Et si vous regardez le bilan de cette époque ? On était en 1973-75. Ces gens sont restés en prison jusque dans les années nonante, alors qu’ils avaient déjà quelques années de prison derrière eux avant mes visites ! Or, quand ils sont sortis, après "one man one vote", ils ont gouverné l'Afrique du Sud ! Ce sont les gens qui, grâce au CICR, ont passé un BA ou même un MA à Robben Island, qui ont dirigé l'Afrique du Sud, quand Mandela est arrivé au pouvoir. Imaginez un peu ce qui se serait passé s'ils n’avaient pas eu cette possibilité d’étudier ! Ils seraient quand même arrivés au pouvoir, mais beaucoup moins bien équipés. En fait, c'est quelque chose que j'avais repris d'Israël où nous avions obtenu des Israéliens qu’ils autorisent les détenus Palestiniens à étudier et à passer leurs examens en prison ; mais là, les Israéliens s'étaient montrés beaucoup plus faciles à convaincre (après la période d’interrogatoire bien sûr), une fois que les types avaient été condamnés. Même les "internés administratifs", parce qu'ils restaient longtemps en prison, ont eu la possibilité d'étudier et de s’améliorer…certains dans l’idée de mieux combattre par la suite ! Mais cela ne gênait pas les Israéliens. Dans le cadre de l'Afrique du Sud, "mes" détenus se sont donc auto-éduqués en prison pendant deux décennies... et ça leur a permis de diriger l'Afrique du Sud plus valablement une fois arrivés au pouvoir. En plus de ça, on a obtenu des progrès pour les prisonniers : on a obtenu l'eau chaude, on a obtenu des livres, l'amélioration de la vie quotidienne, la nourriture, etc. Le bilan, de ce point de vue-là, est extraordinairement positif, même si les choses ont pris du temps. Et même si ce n'était pas facile d'entrer dans la mentalité "apartheid" des dirigeants sud-africains. Progressivement, ils ont quand même bougé, grâce aux pressions extérieures aussi. Mais comme nous étions les seuls à pouvoir entrer dans la prison et à voir ces gens, nous étions dans une position clé. Le nom même de Mandela ne pouvait pas être imprimé et sa photo ne pouvait pas être publiée. Nos visites ont donc véritablement constitué un levier extraordinairement important, non seulement pour le quotidien des prisonniers, mais pour l'avenir du pays.
DG : Mais devant les difficultés que vous aviez, comment arriviez-vous à faire passer vos demandes auprès de l'administration sud-africaine?

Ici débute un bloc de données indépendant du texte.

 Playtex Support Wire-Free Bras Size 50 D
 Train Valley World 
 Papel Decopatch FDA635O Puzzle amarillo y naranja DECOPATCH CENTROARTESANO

JM : Il y a eu un moment clé. C'était ma 3e série de visite en mai 1975 (mon sixième EST avec Mandela) et là, j'étais un peu découragé par une certaine absence de progrès sur certains points, comme l’obtention de l’eau chaude pour les prisonniers en hiver. Et j'ai dit à Mandela : " Est-ce que vous ne pensez pas que nous devrions suspendre nos visites pour "mettre la pression" sur le gouvernement et ne revenir que lorsqu’ils auront apporté les améliorations que nous demandons ? " Sa réaction spontanée a été : " Never do that ! They will call your bluff and you won’t come back. Always remember that what matters is not only the good you bring but also the bad you prevent ". En d’autres termes : " Qu'est-ce qui se passerait si vous ne reveniez pas et que les autorités savaient que vous ne nous visiteriez plus ? La possibilité de votre présence est déjà une limite aux horreurs qu'on veut nous imposer. Never do that ! " (On pourra revenir sur ce dilemme quand on parlera de l’Ukraine.) Mais c'est évidemment là une réflexion générale qu'on se fait quand on visite des détenus politiques, qui ne sont finalement protégés par aucun droit international, contrairement aux PG. Si je ne peux pas faire tout ce que je voudrais et que je laisse tomber pour cela… finalement, qui va payer l'addition ? Les détenus, évidemment ! On est là au cœur d’une problématique fondamentale pour le CICR, surtout pour les détenus politiques, plus que pour les prisonniers de guerre à l’égard desquels l’état a des obligations et le CICR des droits. Si on fait un dérapage, si on se conduit de manière inappropriée, si on commet une erreur critiquable par les autorités lors de la visite (par exemple introduire quelque chose qu'on n'est pas sensé introduire, photographier les prisonniers), cela donne un prétexte à l'autorité pour mettre fin aux visites, et là… ce n'est pas nous qui payons l’addition, ce sont les détenus !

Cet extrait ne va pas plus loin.